Problem requirements: Pictures in the entries below are excluded; copy only the lines from the one containing "138a ピンクのユリ | 下絵工房カルトーネ" to the one containing "80s ウールリッチ チェック", both included.
Start of Source data
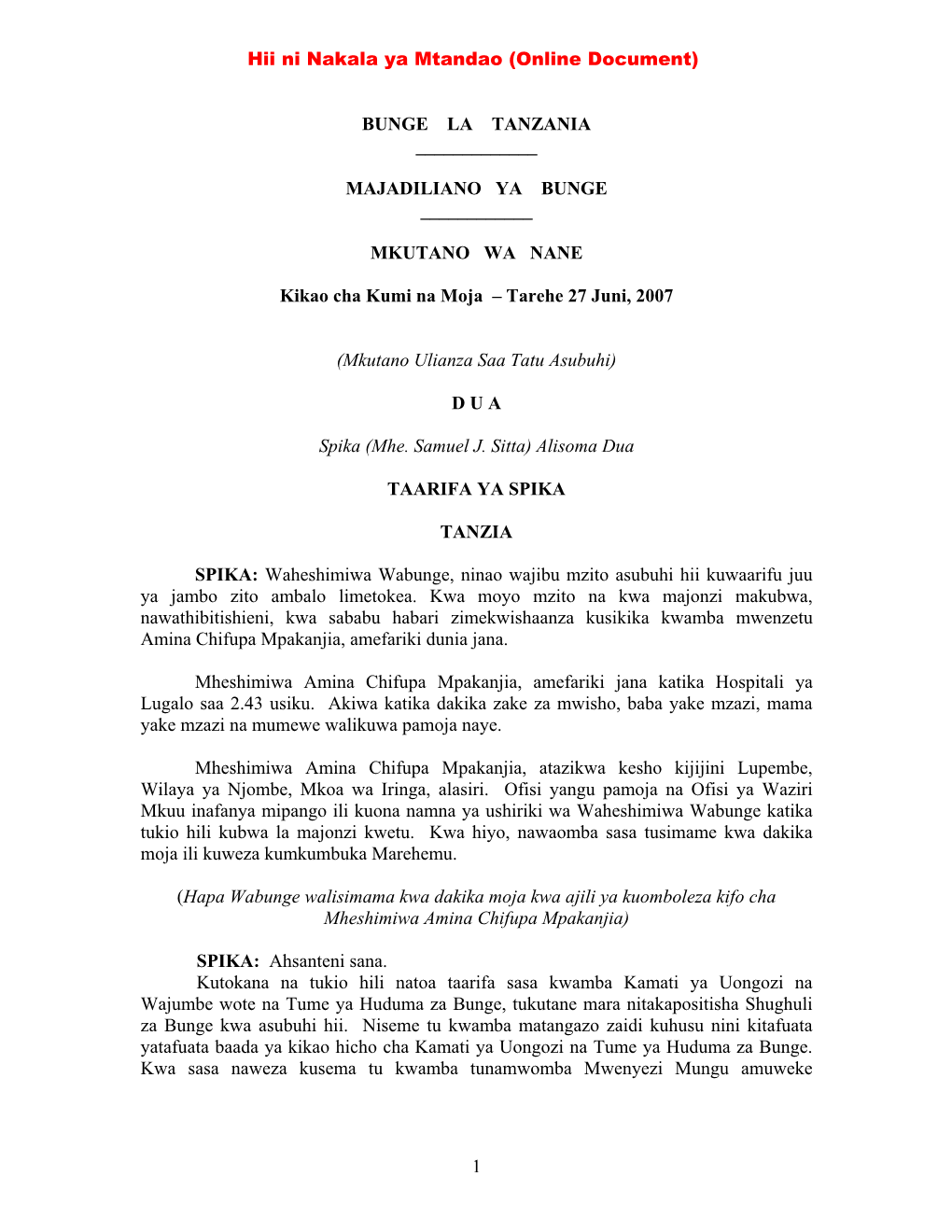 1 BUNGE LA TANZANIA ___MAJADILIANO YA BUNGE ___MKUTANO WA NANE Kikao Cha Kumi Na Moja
End of Source data
Start of Source data
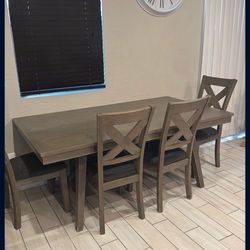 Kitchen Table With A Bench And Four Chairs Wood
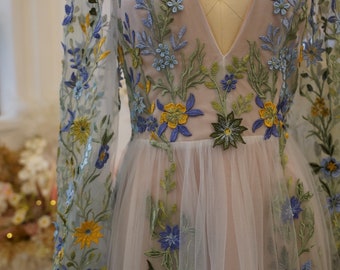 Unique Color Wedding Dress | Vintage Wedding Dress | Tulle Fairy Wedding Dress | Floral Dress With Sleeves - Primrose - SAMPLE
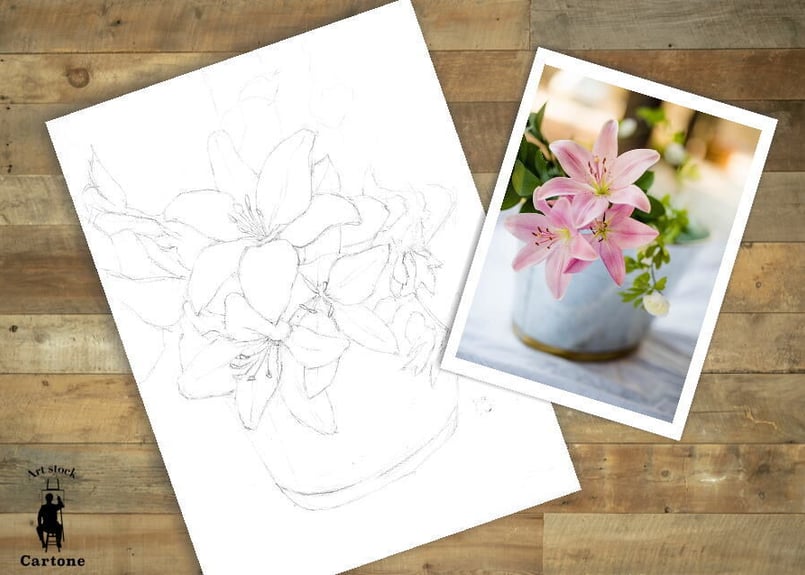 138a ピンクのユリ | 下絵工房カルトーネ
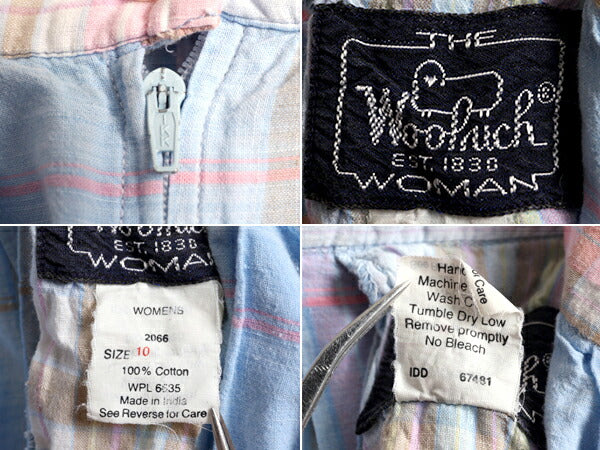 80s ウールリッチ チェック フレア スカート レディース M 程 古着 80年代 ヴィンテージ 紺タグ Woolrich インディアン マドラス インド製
End of Source data
Start of Source data
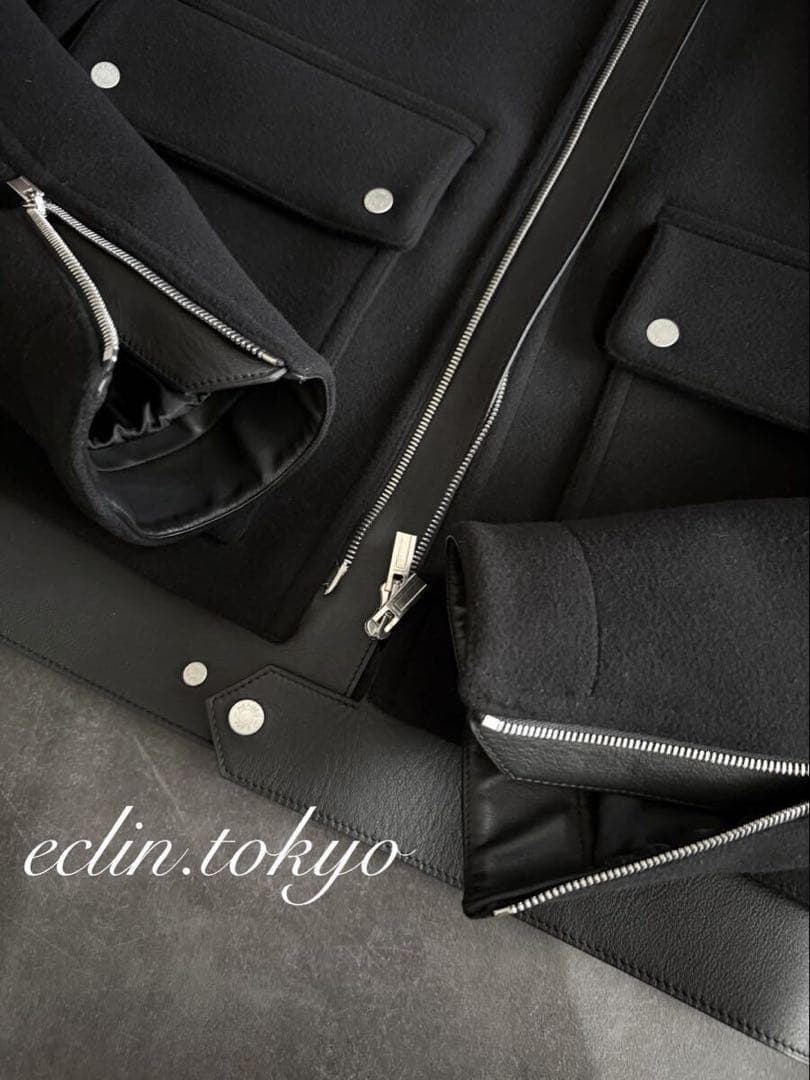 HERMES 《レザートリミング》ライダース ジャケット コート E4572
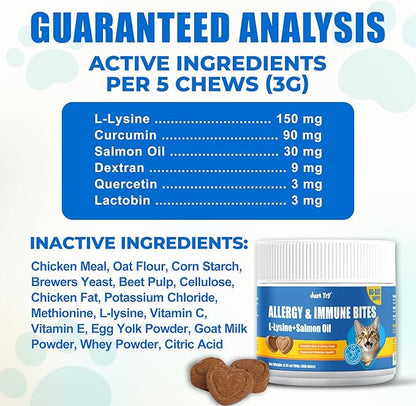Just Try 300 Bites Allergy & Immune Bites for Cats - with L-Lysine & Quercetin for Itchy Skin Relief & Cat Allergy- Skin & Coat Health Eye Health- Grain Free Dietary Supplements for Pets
End of Source data
Response below:
 138a ピンクのユリ | 下絵工房カルトーネ
 80s ウールリッチ チェック フレア スカート レディース M 程 古着 80年代 ヴィンテージ 紺タグ Woolrich インディアン マドラス インド製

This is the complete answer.